コミュニケーションの活性化、そのきっかけとなるのが社内イベントです。違う部署のメンバー、離れて働く仲間が顔を合わせるリアルなイベント。そこに会話が生まれ、組織の一体感にもつながっていきます。

企業が行うイベントには、入社式、キックオフミーティング、社内表彰式、周年記念行事、新商品発表会など様々なものがありますが、おもに従業員を対象とした社内イベント(インナーイベント)、外部のお客様や関係者に向けた社外イベント(アウターイベント)のふたつに大きく分けることができます。

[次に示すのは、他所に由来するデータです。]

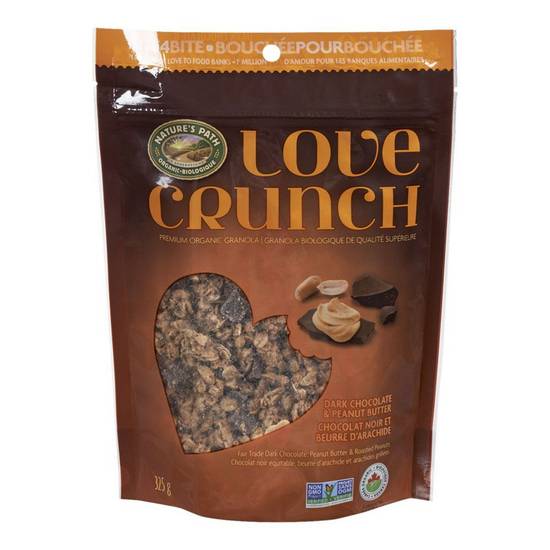 Nature's Path Love Crunch, Dark Chocolate & Peanut Butter (325 g)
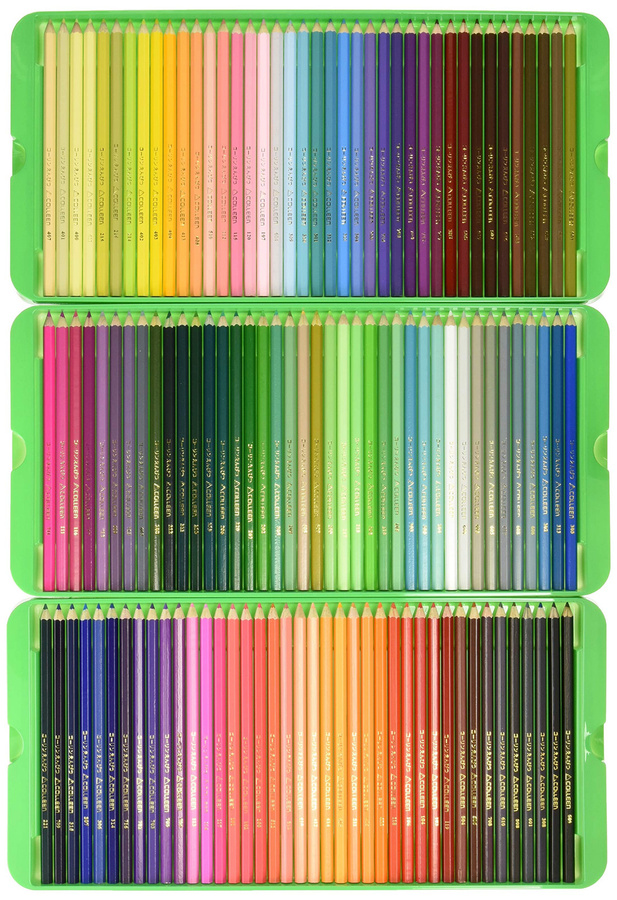 Colleen Buntstifte 775 Sechseckige Buntstifte in einer Pappschachtel, 120 Farben, Mehrfarbig - Bild 2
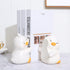 Cute Hug Ducks Decorative Bookends, Unique Book Ends to Hold Books Creative Resin Book Holder Stopper for Home Office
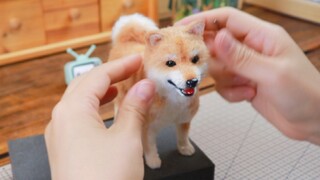 Shiba Inu yang imut sebenarnya terbuat dari wol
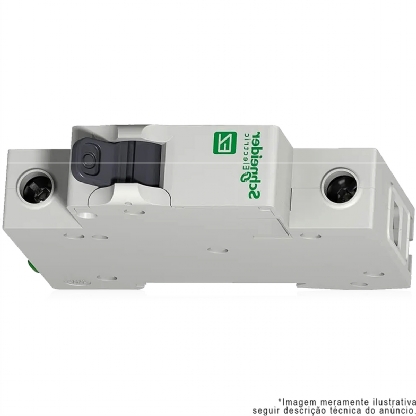Disjuntor Mini Din Unipolar 16A Curva C 3Ka 230/400V EZ9F33116 - Schneider Electric
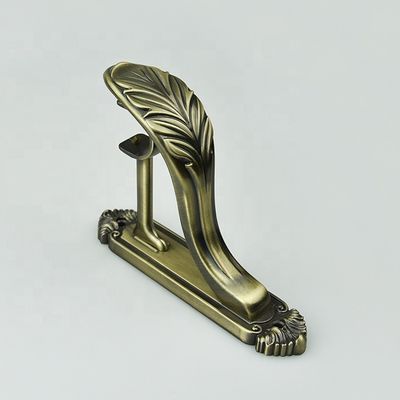 De in het groot van de staaftoebehoren van het luxegordijn van het het metaalaluminium 28/19mm steun van de het gordijnstaaf regelbare dubbele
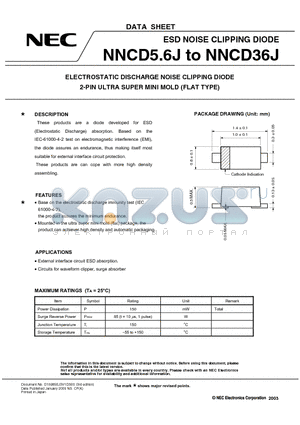 NNCD6.8J datasheet - ESD NOISE CLIPPING DIODE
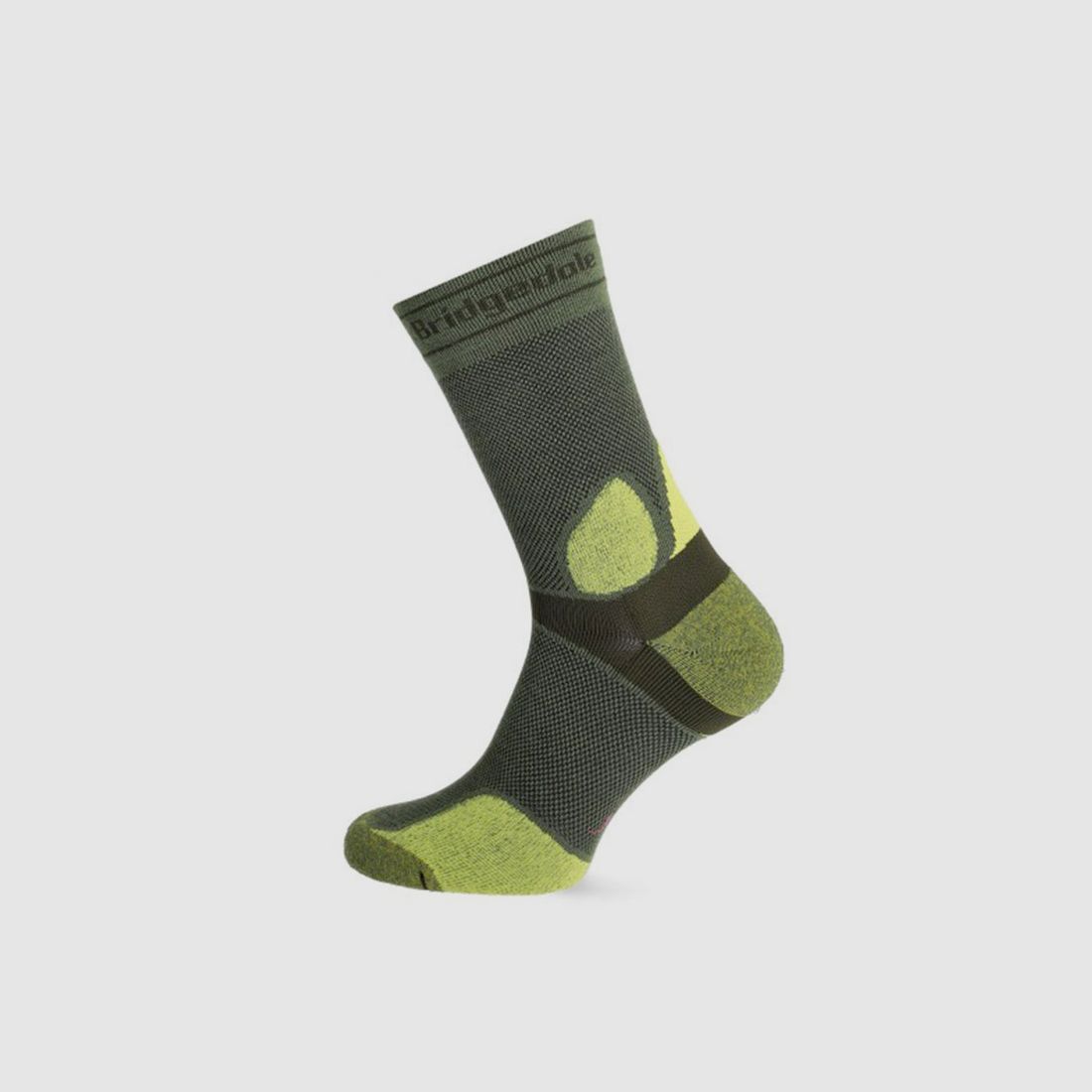 Bridgedale Summer Weight T2 COOL SPORT Men's Cycling Socks green / Lime, image 4 of 5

今回は社内イベントに焦点を当て、参加者の記憶に残るイベントの作り方を探っていきます。

社内:インナーイベントの例

  • 入社式  … 新年度が始まる4月1日に行うのが一般的。3月に行う企業もある。
  • 表彰イベント … 業績表彰、永年勤続表彰、業務改善表彰、社内コンテストなど。
  • キックオフミーティング … 年度初めやプロジェクトの開始時などに実施する。
  • 社内発表会 … 研究成果の発表、事業コンペ発表、社内コンクールほか。
  • ファミリーデー … 従業員の家族を職場に招き、相互の理解を深めるイベント。
  • 忘年会・新年会 … 忘年会はイヤーエンドパーティーとしてパーティー形式で行う企業も。
  • 周年イベント … 5年・10年・20年…企業の創立記念行事。社内外への感謝の会。
  • 会議・研修 … 社員総会、リーダー会議、集合研修(Off-JT)、研修旅行など。
  • 社内運動会・スポーツ大会 … 屋内で数千人規模の運動会ができる会場もある。
  • 社内旅行 … 従業員みんなで…というのは今は昔。部署単位など小さなグループが主流。

社外:アウターイベントの例

  • 賀詞交換会 … 年明けに関係者が集まり新年のあいさつを交わすイベント。
  • 株主総会 … 企業の一大行事。上場企業では6月に実施するところが多い。
  • 顧客イベント … 顧客感謝イベント、ファンデーなど。
  • 発表会 … 新商品・新サービスの発表会、プレス発表会、IRイベントなど。
  • 展示会・商談会 … 専門展示会出展、プライベートショー開催。
  • 採用活動 … 会社説明会、合同説明会出展、面接・試験、内定式、内定者研修など。

社内イベントの担当者になったら…

社内イベントの担当者に任命されたら…。企業イベントの場合は社内でチームを作って取り組むことがほとんどです。それぞれ本来業務を抱えての準備作業となるため、社内メンバーで行うことと、アウトソーシングすることを切り分け、効率よく進める必要があります。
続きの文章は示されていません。